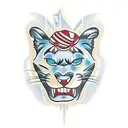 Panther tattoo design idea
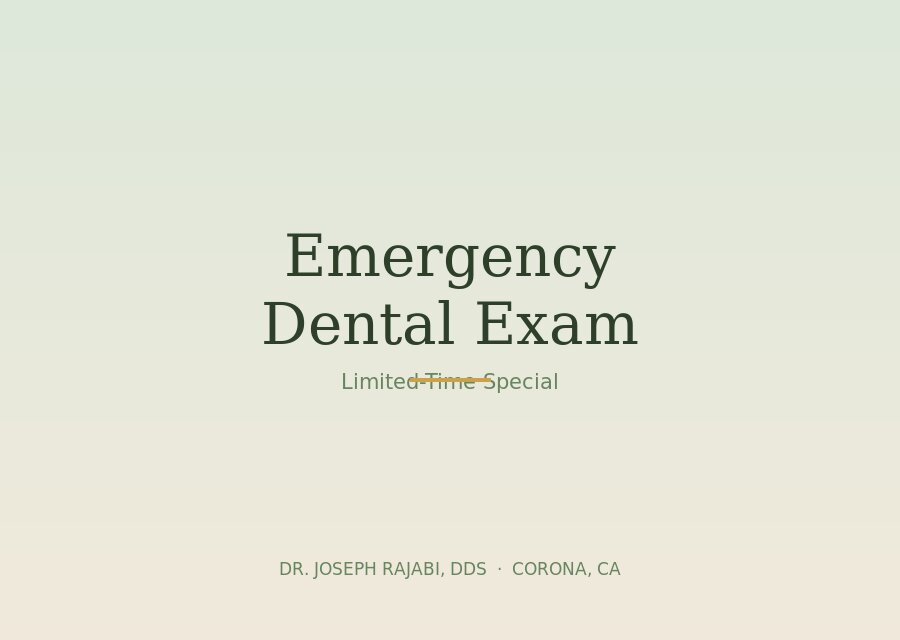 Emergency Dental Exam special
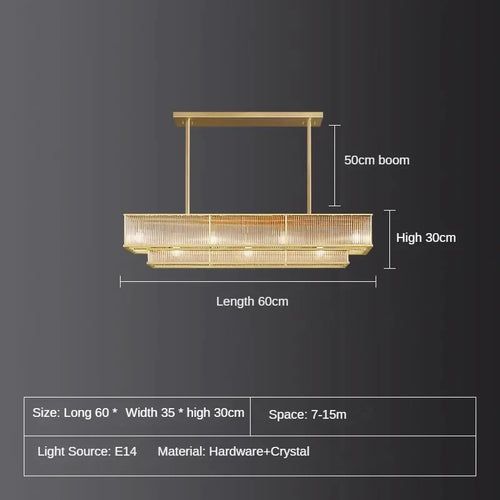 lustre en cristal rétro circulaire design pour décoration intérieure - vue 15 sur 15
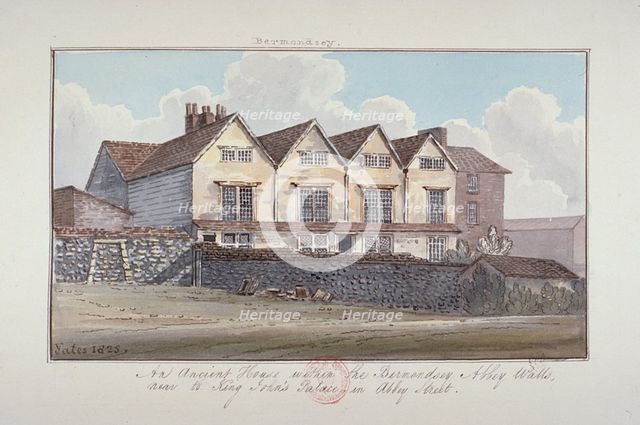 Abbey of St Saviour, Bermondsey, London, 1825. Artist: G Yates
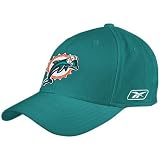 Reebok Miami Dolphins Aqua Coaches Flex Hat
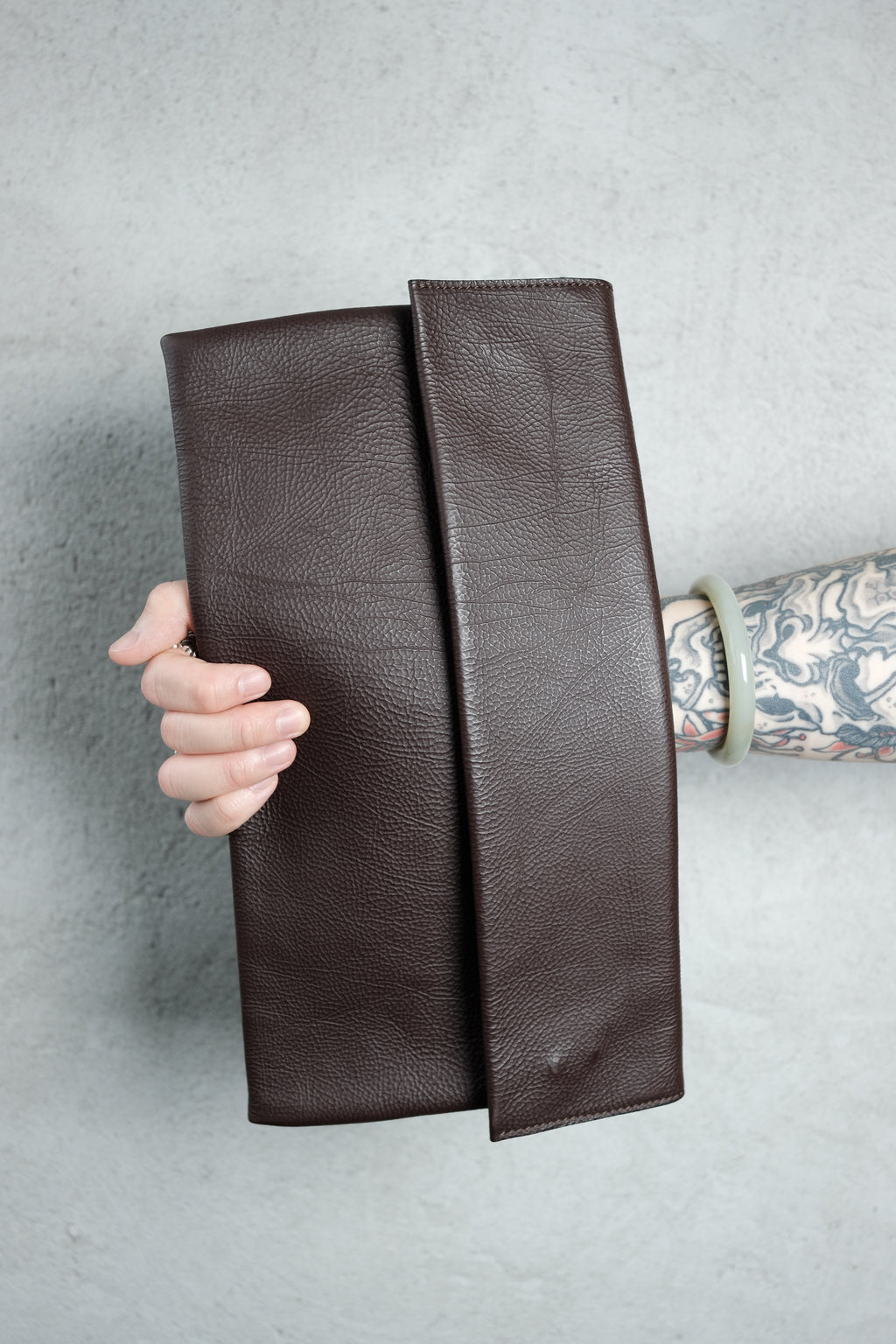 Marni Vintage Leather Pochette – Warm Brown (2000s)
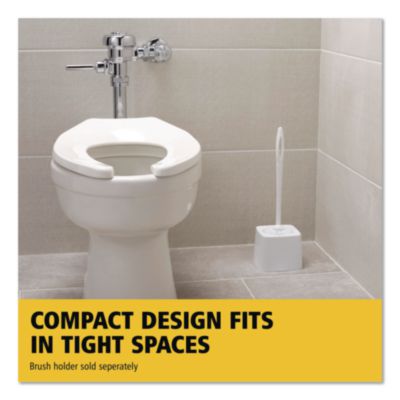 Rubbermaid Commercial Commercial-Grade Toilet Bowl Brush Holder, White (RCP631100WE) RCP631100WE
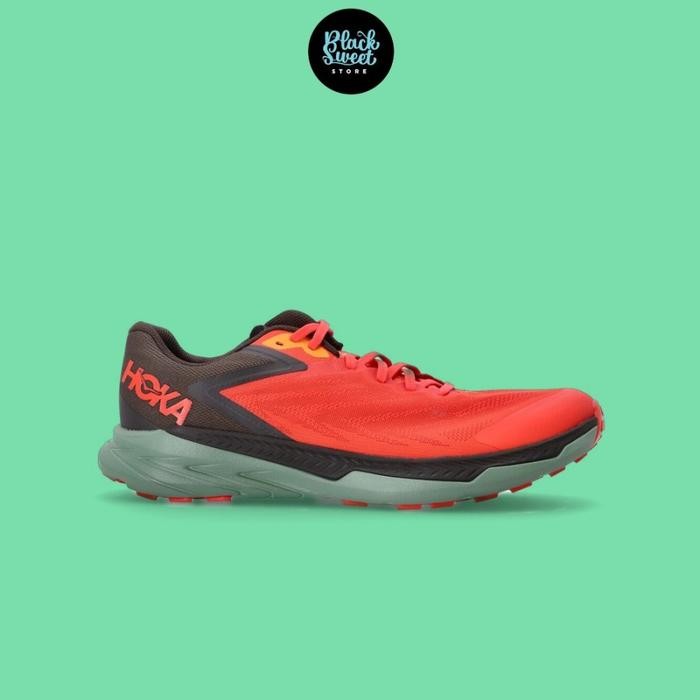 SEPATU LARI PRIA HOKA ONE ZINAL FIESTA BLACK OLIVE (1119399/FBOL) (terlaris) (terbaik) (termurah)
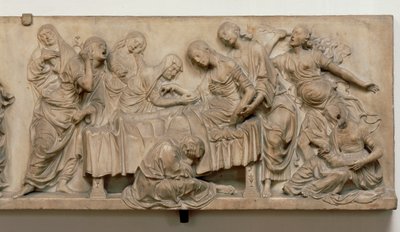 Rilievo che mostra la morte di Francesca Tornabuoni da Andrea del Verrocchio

---+---

**Description of the task**
Above is a listing with pictures. Write it out exactly without them.

**Response to this task**
 Panther tattoo design idea
 Emergency Dental Exam special
 lustre en cristal rétro circulaire design pour décoration intérieure - vue 15 sur 15
 Abbey of St Saviour, Bermondsey, London, 1825. Artist: G Yates
 Reebok Miami Dolphins Aqua Coaches Flex Hat
 Marni Vintage Leather Pochette – Warm Brown (2000s)
 Rubbermaid Commercial Commercial-Grade Toilet Bowl Brush Holder, White (RCP631100WE) RCP631100WE
 SEPATU LARI PRIA HOKA ONE ZINAL FIESTA BLACK OLIVE (1119399/FBOL) (terlaris) (terbaik) (termurah)
 Rilievo che mostra la morte di Francesca Tornabuoni da Andrea del Verrocchio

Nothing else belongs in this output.